Saved data entries:
____

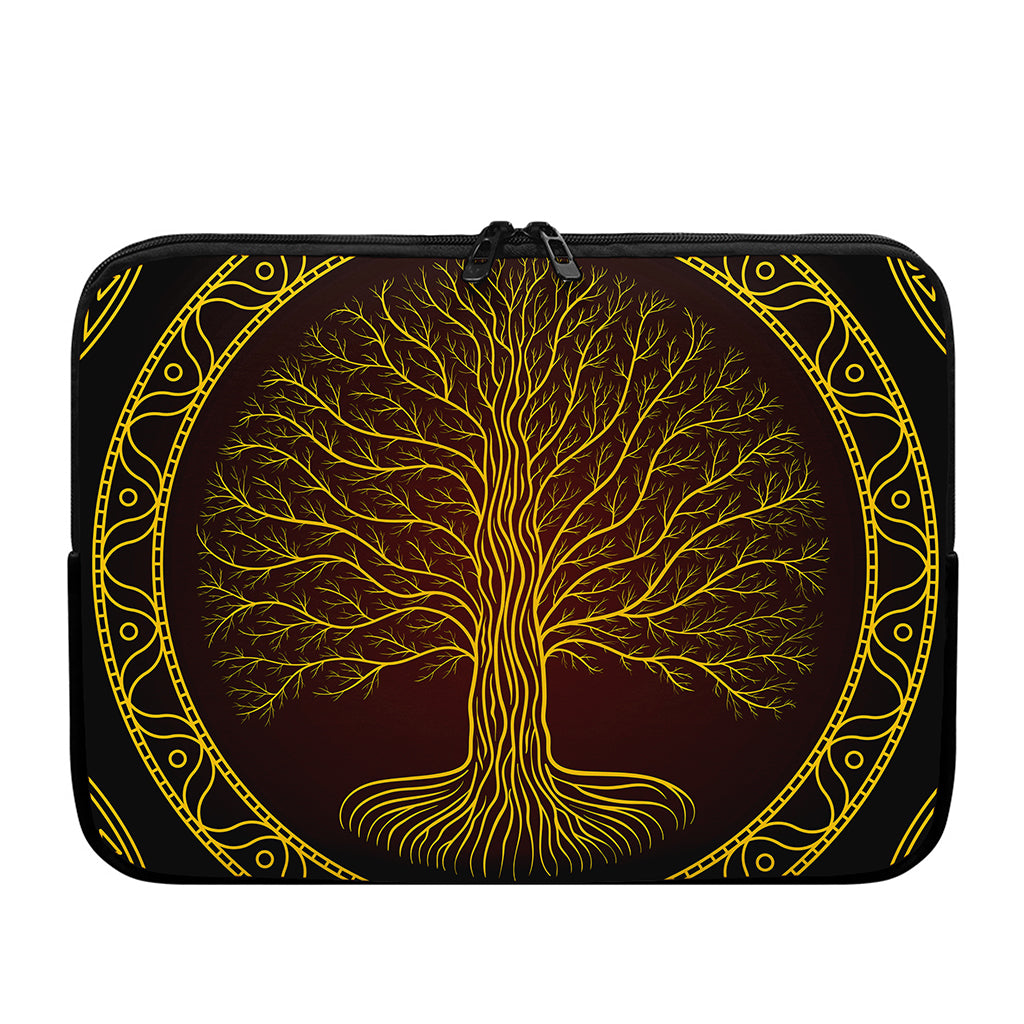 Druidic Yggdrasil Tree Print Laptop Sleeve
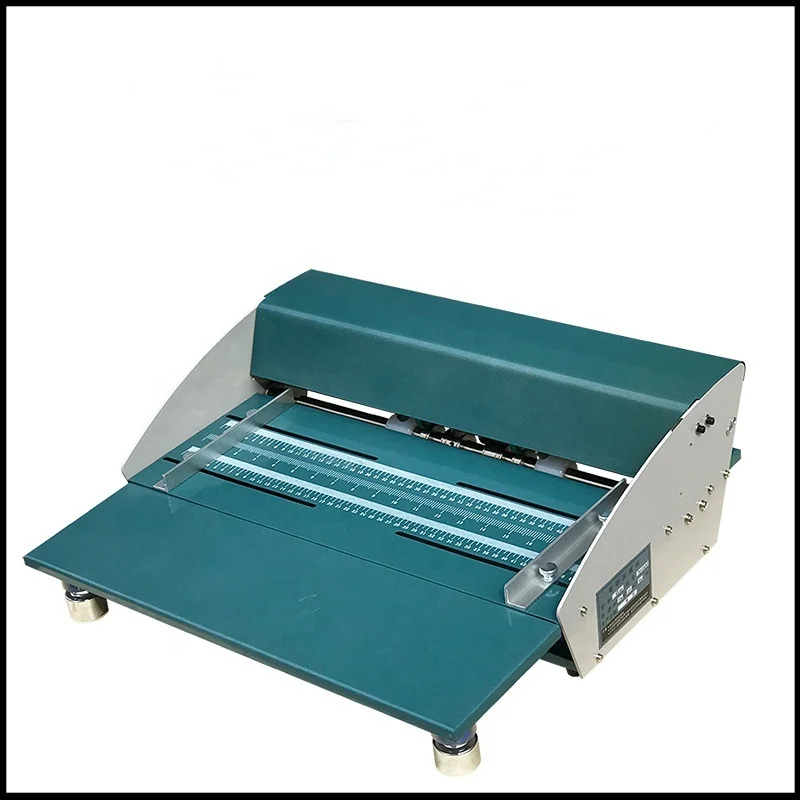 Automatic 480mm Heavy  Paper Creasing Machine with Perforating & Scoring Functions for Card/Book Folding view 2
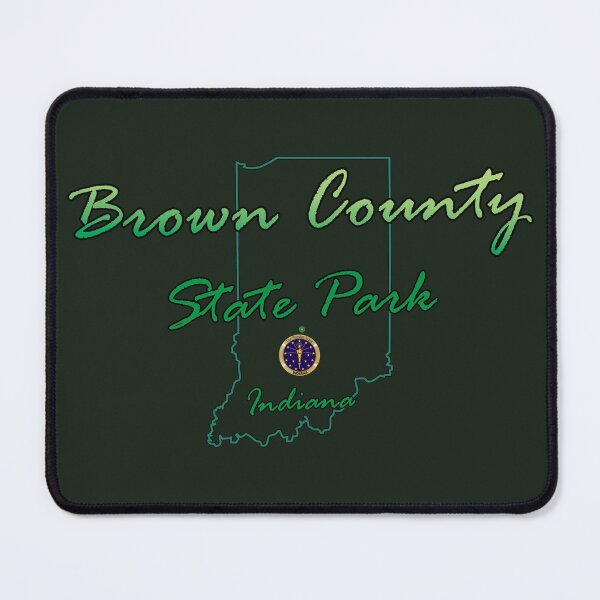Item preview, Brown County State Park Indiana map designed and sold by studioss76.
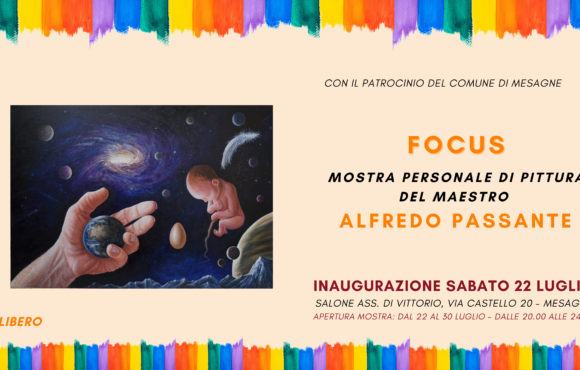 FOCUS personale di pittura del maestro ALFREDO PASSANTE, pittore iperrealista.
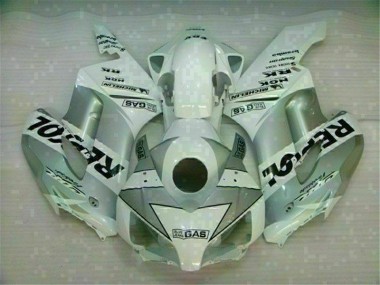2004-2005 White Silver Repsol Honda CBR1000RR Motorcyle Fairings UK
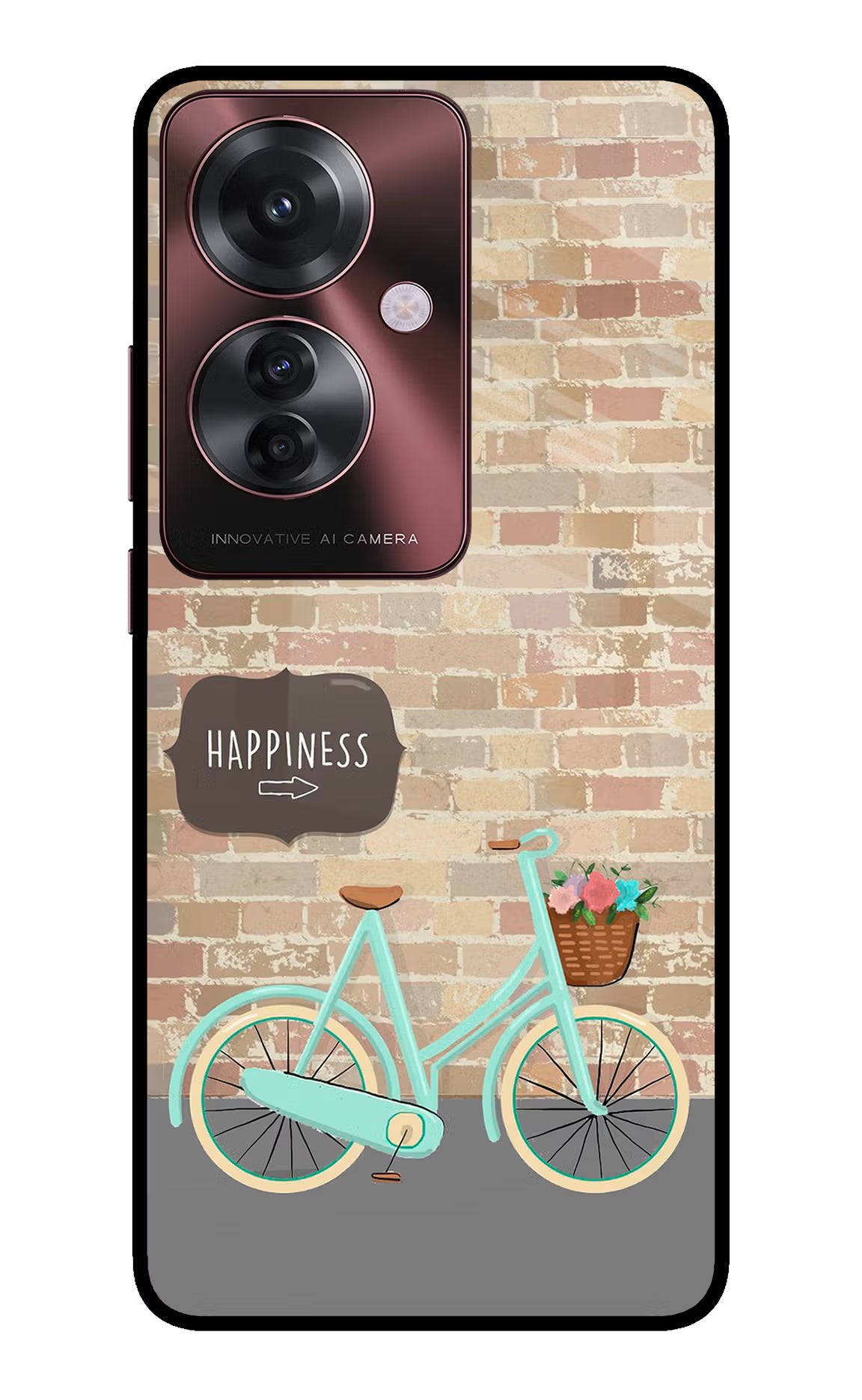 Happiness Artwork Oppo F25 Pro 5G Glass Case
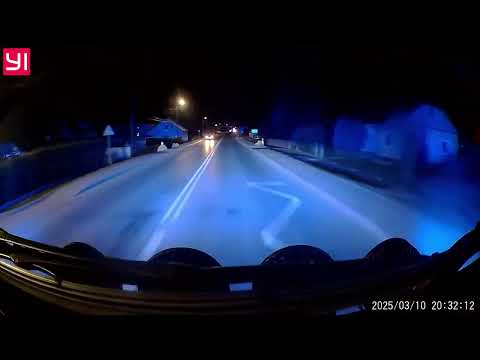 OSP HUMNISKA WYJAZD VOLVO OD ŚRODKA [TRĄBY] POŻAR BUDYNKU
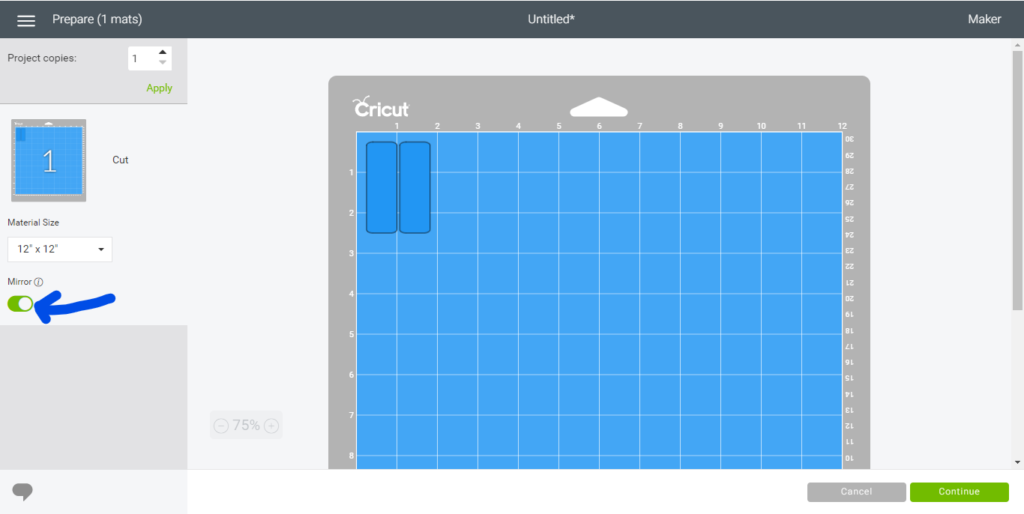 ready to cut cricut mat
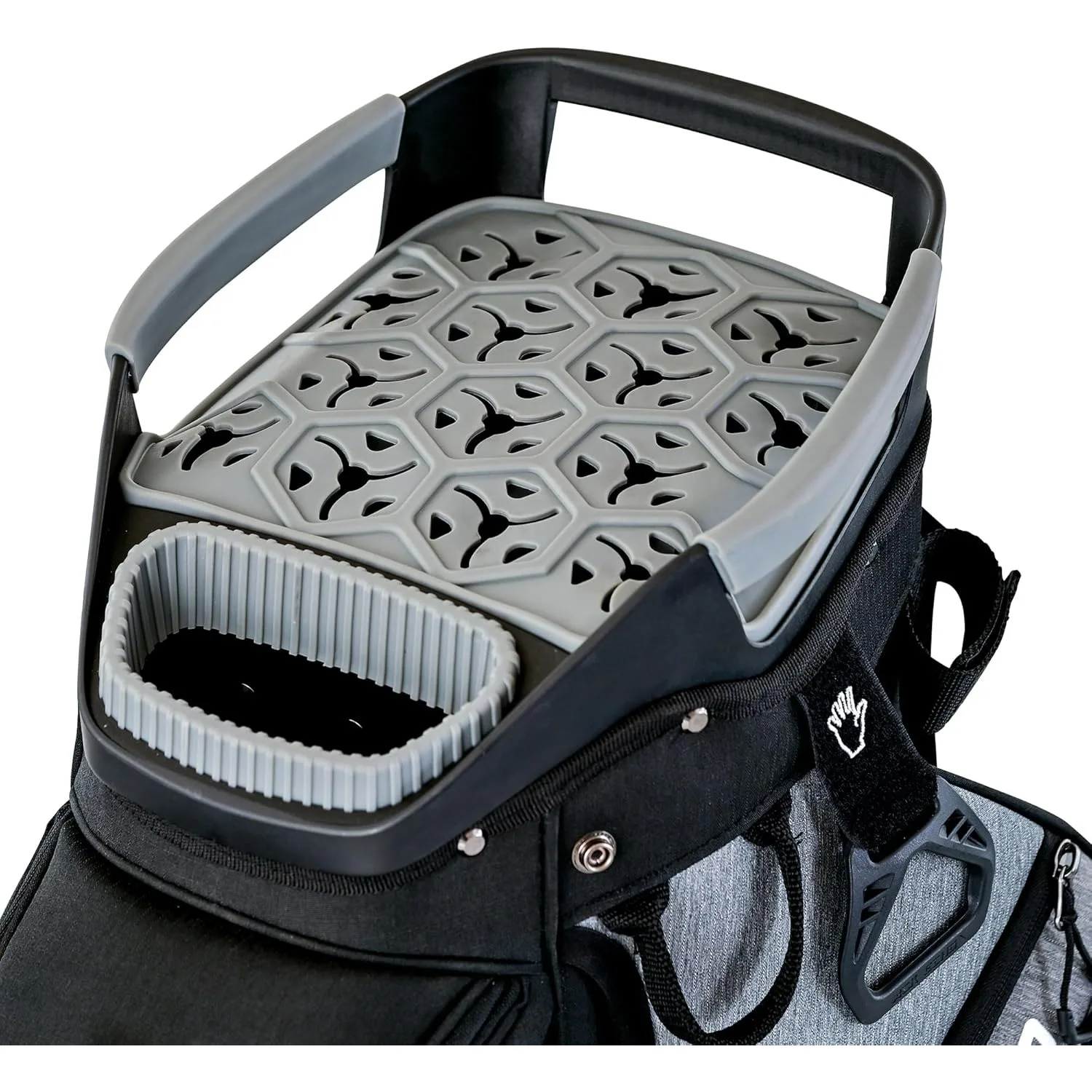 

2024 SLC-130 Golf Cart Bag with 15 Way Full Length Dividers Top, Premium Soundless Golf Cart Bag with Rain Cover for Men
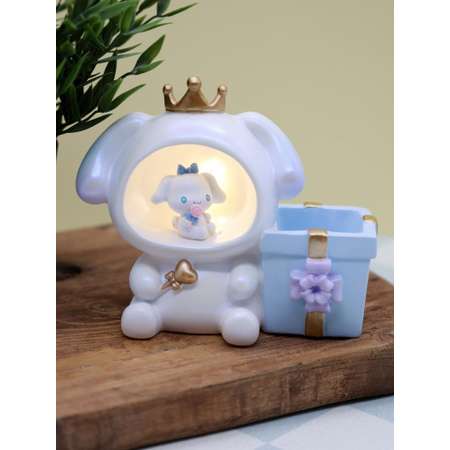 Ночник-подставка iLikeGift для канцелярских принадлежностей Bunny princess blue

____

• Your assignment: Quote the data above exactly from the line with "Automatic 480mm Heavy" to the line with "2024 SLC-130 Golf", both ends counted, and nothing else. Pictures don't go in.

• Answer to the problem:
 Automatic 480mm Heavy  Paper Creasing Machine with Perforating & Scoring Functions for Card/Book Folding view 2
Item preview, Brown County State Park Indiana map designed and sold by studioss76.
 FOCUS personale di pittura del maestro ALFREDO PASSANTE, pittore iperrealista.
2004-2005 White Silver Repsol Honda CBR1000RR Motorcyle Fairings UK
 Happiness Artwork Oppo F25 Pro 5G Glass Case
 OSP HUMNISKA WYJAZD VOLVO OD ŚRODKA [TRĄBY] POŻAR BUDYNKU
 ready to cut cricut mat

2024 SLC-130 Golf Cart Bag with 15 Way Full Length Dividers Top, Premium Soundless Golf Cart Bag with Rain Cover for Men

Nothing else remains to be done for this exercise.